Phil Goff has secured the Super City mayoralty. Now he needs to sit down and choose a deputy. Super City reporter Bernard Orsman looks at three likely contenders.
Hulse has been deputy mayor to Len Brown for six years. She is a centre-left independent from West Auckland where she was deputy mayor to former Waitakere City Mayor Bob Harvey.
Hulse has been fiercely loyal to Brown and carried much of the heavy lifting when Brown stumbled. As well as steadying the council, she drove much of the work on housing matters and took charge of the mammoth Unitary Plan process that passed last month.
No-one doubts Hulse's leadership skills, hard work and ability to stay calm and collected in a tight spot.
But as one politician put it, she resorts of flattery and bullying in equal measure.
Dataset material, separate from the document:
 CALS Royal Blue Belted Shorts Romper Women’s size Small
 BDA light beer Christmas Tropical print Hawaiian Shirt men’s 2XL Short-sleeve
She flayed colleagues for "losing their bottle" on the Unitary Plan and does not have good relations with some councillors.
Goff is expected to include Hulse in his inner circle with a senior role, but he will want to put plenty of distance between his council and the Brown-Hulse regime that has left trust with council's performance at 15 per cent. Goff says this is a "fail".
As one insider says: "When you pin your colours to someone's mast, when they go, you go."
Cashmore, a second-term councillor for the rural ward of Franklin, farmer and National Party member, is highly regarded by some of Goff's advisers.
He is seen as solid, likeable, a good operator, loyal and capable of getting the numbers round the council table - all good attributes for a deputy leader.
Cashmore is seen as a "wet Nat" who would fit with Goff's centrist politics. He farms at Orere, near Kawakawa Bay, not far from where Goff has a bach. The two get along well.
Therein lies the problem. Goff and Cashmore are two, 60-plus white males in a city where 40 per cent of the population was born overseas. Goff is seen as a bit beige, a bit boring. Ditto Cashmore.
Cashmore is also associated with Brown's fiscal policies(he was the architect of transport levy that propelled rates rise to 9.9 per cent in 2015) and is easily captured by the bureaucrats.
"Bill is too much of a prefect and apologist for council management," says one colleague.
If Goff wants to be bold and rev up the Super City he will appoint Desley Simpson as his deputy.
Simpson offers the greatest risk, but also the greatest reward.
She is National Party royalty, married to the party's president Peter Goodfellow. She has been a hugely committed and popular chair of the Orakei Local Board who succeeds Cameron Brewer as the Orakei ward councillor.
Simpson has an array of skills; leadership, an understanding of council from a community perspective, a suspicious view of bureaucrats, a tough nut who gets things done.
What's more she has style and personality (her loud pink outfits earning her the nickname Lady Penelope) and will bring some much-needed colour and panache to an otherwise stale council.
An early challenge for Goff' will be to build a united team round the council table. If he wants to be a centrist mayor, Simpson can deliver the right to the table, and open doors at the highest levels of Government.
The risk is she might outshine Goff and pose a threat in three, or six years. Then again, she could be a bigger threat outside the tent.